Nüfusun yaşlı olması bağımlı insan sayısının çoğalması demekti ki, bu da üretim açısından olumsuz bir durum.
Çünkü yaşlanan insanlar pasif ve tüketici konuma gelmektedir. Uzun vadede ise üretim tüketimi karşılayamayacak duruma gelecektir böylece.
Aktif birey emeklilik sonrasında bir anda pasif duruma gelince psikolojik olarak çöküş yaşamakta ve kendisinin bir işe yaramadığını düşünmektedir.
Uzmanlar ise bu düşünme biçiminin getirdiği karamsar ruh halinin gençler üzerinde de etkili olduğunu ve toplumun "psikolojik yaşlanma" kavramıyla orta yaşlara kadar gerilediğini belirtiyor.
Bu durumun önüne geçmek için yaşlı nüfusu yeniden üretici ve aktif getirmeye çalışıyorlar.
Bedensel algılar oluşturarak "daha sağlıklı, genç gösterme algısı" kendilerine bakmalarını, spor yapmalarını teşvik etme, "gezmek sizin de hakkınız" düşüncesiyle özellikle onlara hitap eden gezi programlarının yapılması, kıyafet sektöründe canlı renkler kullanılarak yeni bir moda akımının başlatılması bunlardan birkaçı.

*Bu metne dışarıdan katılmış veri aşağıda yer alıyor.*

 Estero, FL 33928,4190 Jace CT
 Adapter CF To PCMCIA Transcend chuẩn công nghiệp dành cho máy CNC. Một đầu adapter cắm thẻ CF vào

Amaç yaşlanma denen olguyu pozitif yaşlanma durumuna getirerek toplumdaki olumsuz etkisini giderip daha kaliteli, başarılı yaşlanma biçimini yerleştirmek.
Aynı zamanda yaşlı kesimi yeniden üreten konumuna getirerek toplumsal dengeyi inşa etmek, ve en önemli nedenlerinden biri de orta/genç nüfus üzerindeki yaşlılık algısını kırarak olumlu izlenim yaratmaktır.
Ülkemizde baktığımızda henüz geniş alana yayılmasa da son dönemlerde bu alanda faaliyet yapıldığı görülüyor.